Extracted data:
************

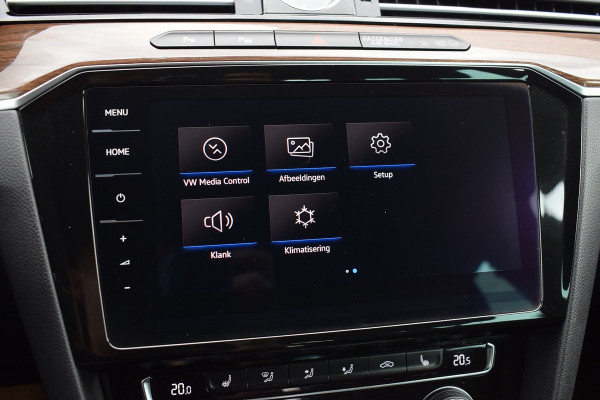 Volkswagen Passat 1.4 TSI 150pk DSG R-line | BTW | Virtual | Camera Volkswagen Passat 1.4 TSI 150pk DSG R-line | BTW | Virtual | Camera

************

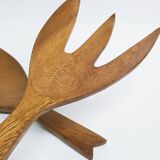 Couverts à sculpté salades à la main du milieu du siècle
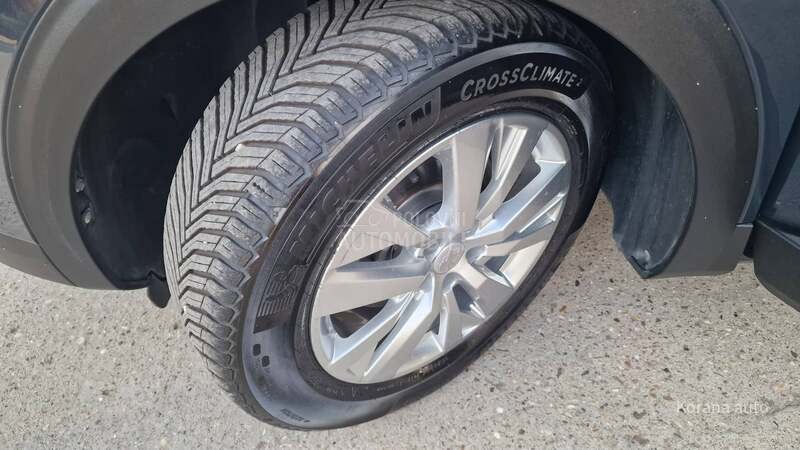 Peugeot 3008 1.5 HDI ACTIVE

************

Work to be completed: Copy the entries above exactly, but only the stretch from the line containing "Couverts à sculpté" through the line containing "Peugeot 3008 1.5 HDI ACTIVE". Keep both end lines; drop the pictures.

Written response:
 Couverts à sculpté salades à la main du milieu du siècle
 Peugeot 3008 1.5 HDI ACTIVE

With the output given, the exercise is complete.